Dyke March Collective member responds to criticism and attacks


by Gretchen Rachel Hammond
2017-06-28


During the rally at Piotrowski Park which followed the 2017 Chicago Dyke March held June 24 in Chicago's Little Village neighborhood, an incident occurred involving Dyke March organizers ( the Collective ) and three Jewish women who were carrying rainbow flags with a Star of David upon them.

The women included A Wider Bridge Midwest Manager Laurel Grauer along with Eleanor Soshany-Anderson. The third girl has not been named, possibly by preference.

Within hours of the Windy City Times report on the march, the incident ballooned into an international controversy.
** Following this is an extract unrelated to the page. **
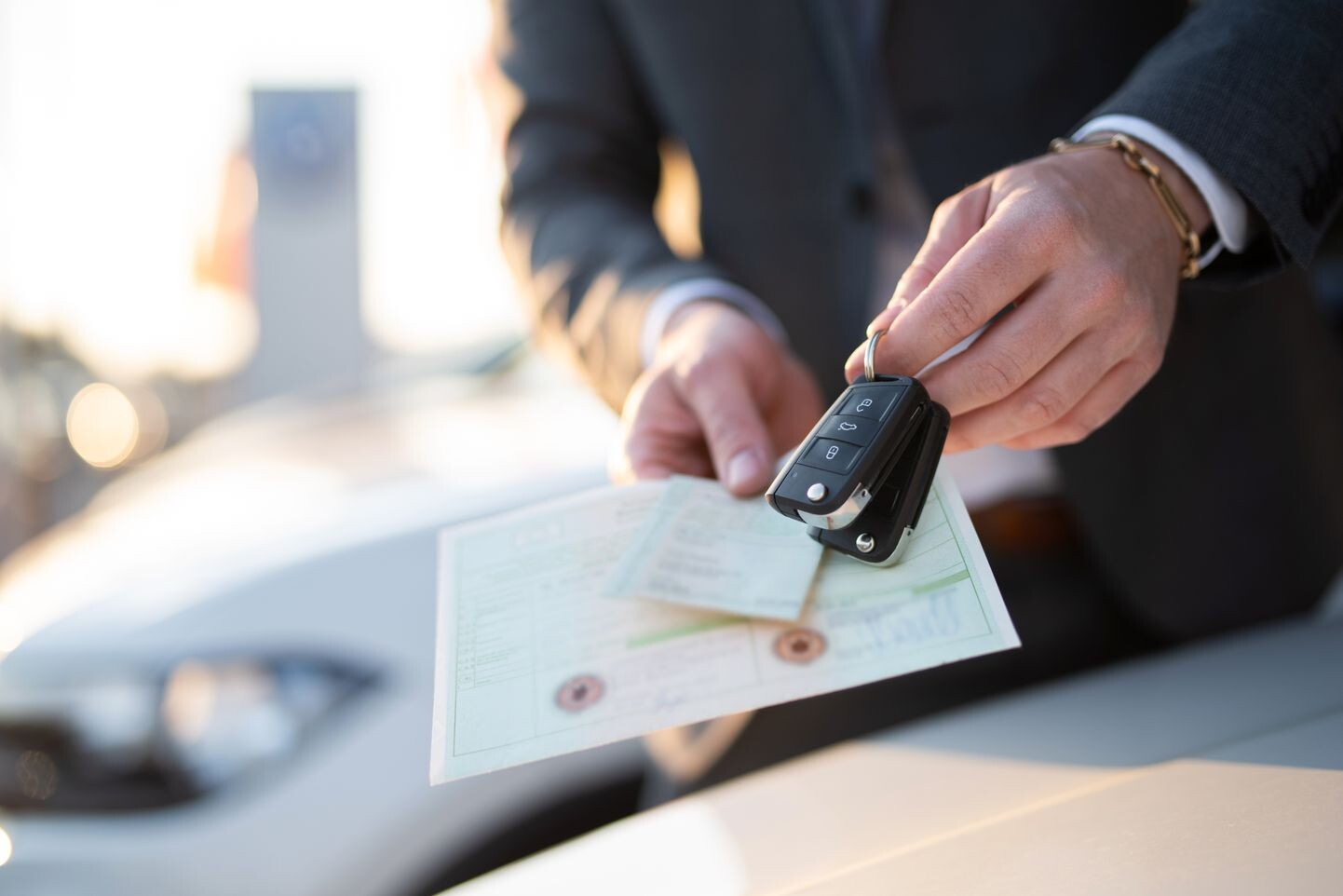 Latvijā reģistrēto jauno vieglo automašīnu skaits pērn pieaudzis par 10,6%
Back-and-forth arguments on social media ensued and commentators, celebrities and advocacy groups weighed in.

Alexis Martinez has been a core organizer with the Dyke March Collective for eight years. She told Windy City Times that because the initial facts of the story were not accurately reported and no one from Windy City Times approached the collective for a statement, it was unfairly maligned from the outset.

She asked to be able express her account of what occurred in a one-on-one interview.

In agreement with Martinez, the conversation is reproduced here with edits only for space or clarity.

Alexis Martinez: The first thing I want to say is that this was never about the Jewish Pride flags. They never came into the conversations. As long as I've been an organizer, Laurel has always marched [in the Dyke March] with that flag. I had a conversation on text message with Laurel the night before. She asked me if people would be protesting her Jewish flag. I told her "No. It's never been an issue and it shouldn't be an issue." But I also told her very clearly that we were anti-Zionist and pro- Palestinian and she needed to understand that and the nature of the event.

There were Jews there with all kinds of tattoos, bracelets with the Star of David. That was never an issue. It's being framed that we asked people to leave because of flags. It just isn't true. They also were never tossed from the march. They marched all the way from 27th and Lawndale. [March starting point]. Even when they were interrupting the anti-Zionist chants…..

Windy City Times: How were they interrupting them?

AM: They were taking 'No walls from Mexico to Palestine' and they started with "No walls anywhere." They were disrupting the chants and nobody said anything to them.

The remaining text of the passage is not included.